Make an exact copy of the data below, leaving out every picture.

> **SUPPLIED DATA**
- - - - - - -

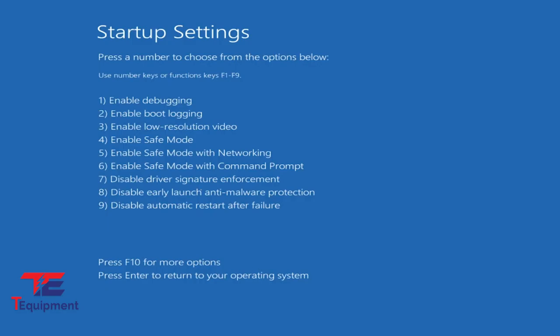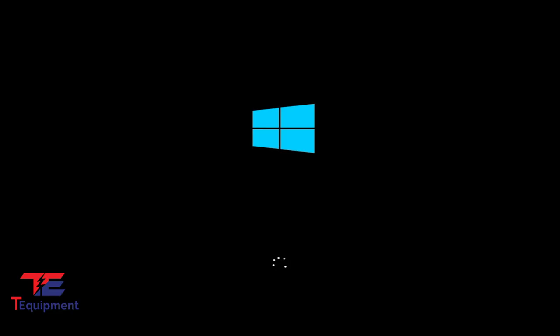Once it's done restarting, you can go ahead and select F7 on your keyboard. This will reboot Windows with that option now disabled, so we can install the driver.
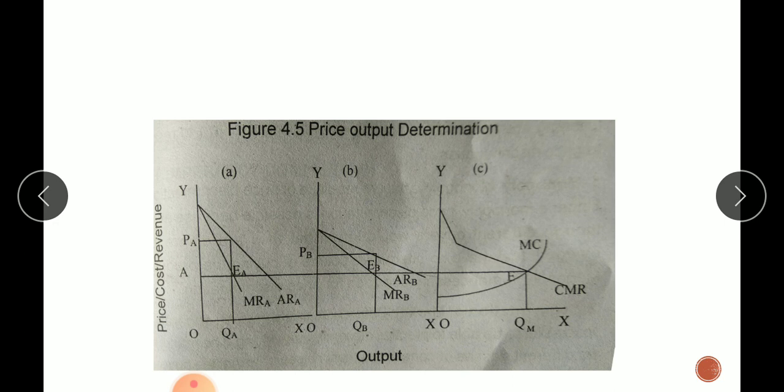Third, different elasticity: the elasticity of demand for the product must be different in different markets. It is this difference in elasticity of demand that provides the monopoly firm with an opportunity for price discrimination. When the elasticity of demand differs between buyers, the monopolist can charge different prices for the same commodity.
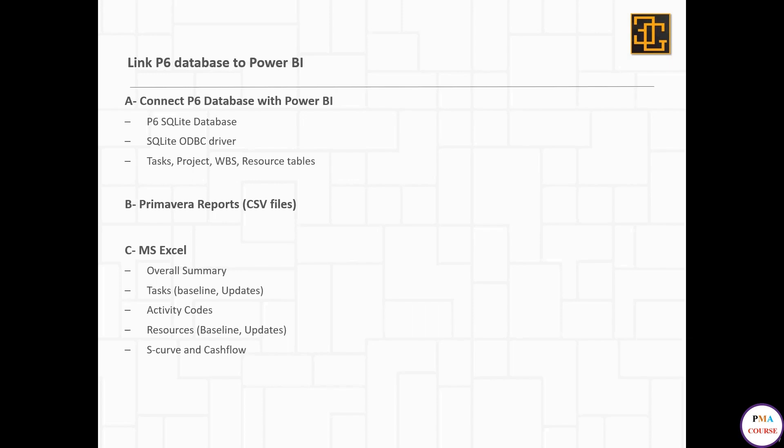I'm using only the tasks, projects, WBS, and resource tables. The biggest benefit of this method is that once you update your Primavera or add a new project, it will automatically be linked to Power BI.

- - - - - - -

> **TASK RESPONSE**
Once it's done restarting, you can go ahead and select F7 on your keyboard. This will reboot Windows with that option now disabled, so we can install the driver.
Third, different elasticity: the elasticity of demand for the product must be different in different markets. It is this difference in elasticity of demand that provides the monopoly firm with an opportunity for price discrimination. When the elasticity of demand differs between buyers, the monopolist can charge different prices for the same commodity.
I'm using only the tasks, projects, WBS, and resource tables. The biggest benefit of this method is that once you update your Primavera or add a new project, it will automatically be linked to Power BI.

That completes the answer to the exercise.